* TASK DESCRIPTION *
The reply must contain exactly the lines below from the one with "Hello everyone. Welcome" down to the one with "That covers everything", both included, and nothing more; please omit the pictures.

* LISTED ENTRIES *
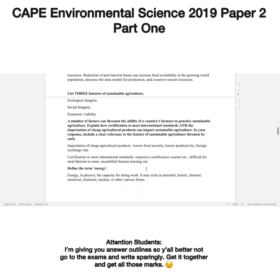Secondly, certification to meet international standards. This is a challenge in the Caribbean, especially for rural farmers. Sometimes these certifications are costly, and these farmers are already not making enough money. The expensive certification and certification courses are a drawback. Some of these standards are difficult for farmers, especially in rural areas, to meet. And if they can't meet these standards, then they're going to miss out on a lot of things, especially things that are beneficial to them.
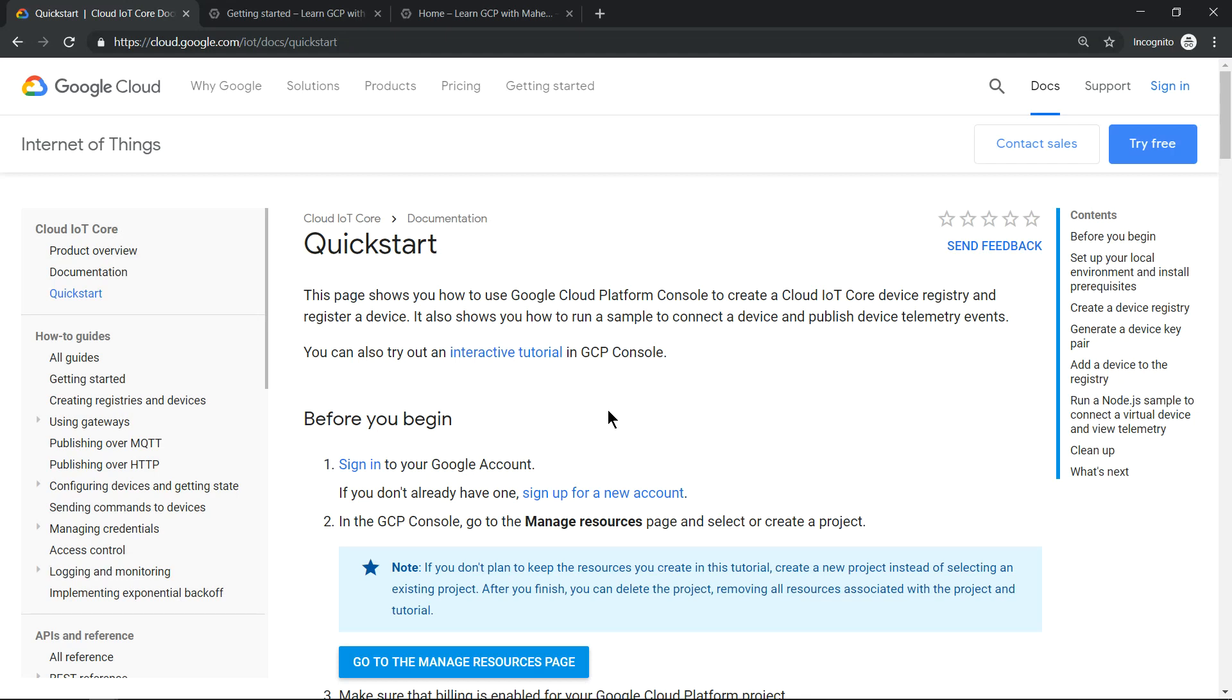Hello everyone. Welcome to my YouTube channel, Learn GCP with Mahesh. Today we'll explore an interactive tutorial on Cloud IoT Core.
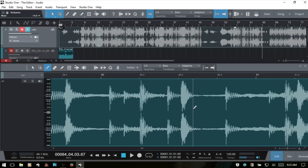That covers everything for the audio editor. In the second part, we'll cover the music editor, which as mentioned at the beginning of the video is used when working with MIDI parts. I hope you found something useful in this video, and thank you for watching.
* * *
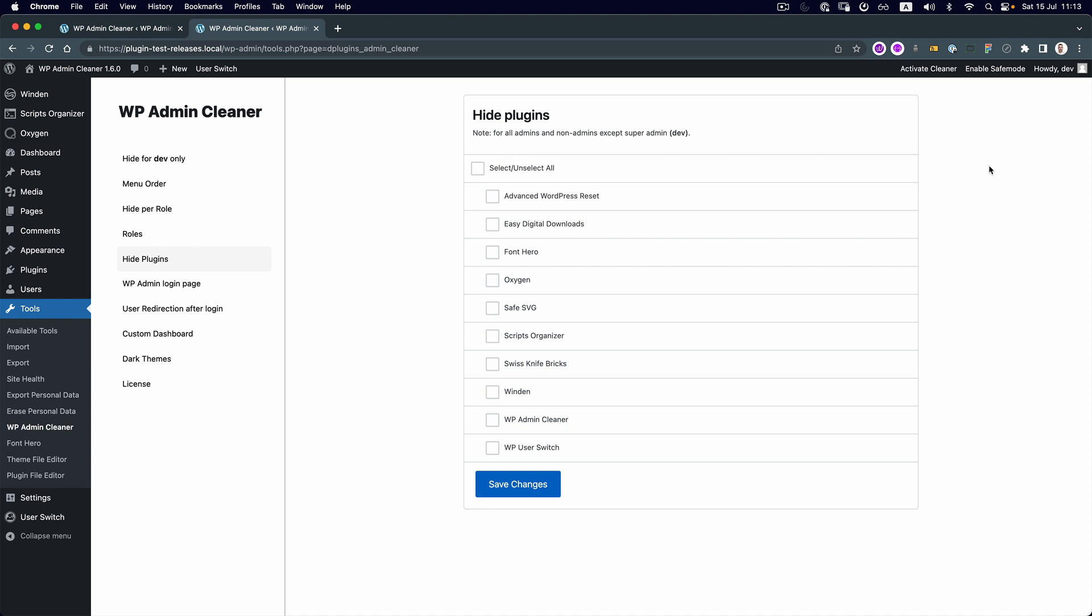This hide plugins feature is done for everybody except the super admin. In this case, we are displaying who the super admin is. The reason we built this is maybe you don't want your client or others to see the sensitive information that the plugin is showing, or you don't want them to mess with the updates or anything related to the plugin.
==
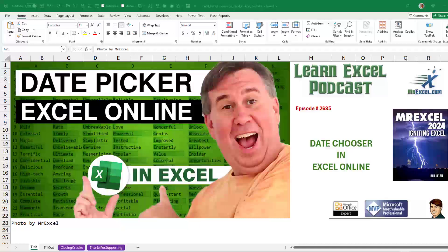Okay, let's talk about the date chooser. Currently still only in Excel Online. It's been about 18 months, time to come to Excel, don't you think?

* TASK OUTPUT *
Hello everyone. Welcome to my YouTube channel, Learn GCP with Mahesh. Today we'll explore an interactive tutorial on Cloud IoT Core.
That covers everything for the audio editor. In the second part, we'll cover the music editor, which as mentioned at the beginning of the video is used when working with MIDI parts. I hope you found something useful in this video, and thank you for watching.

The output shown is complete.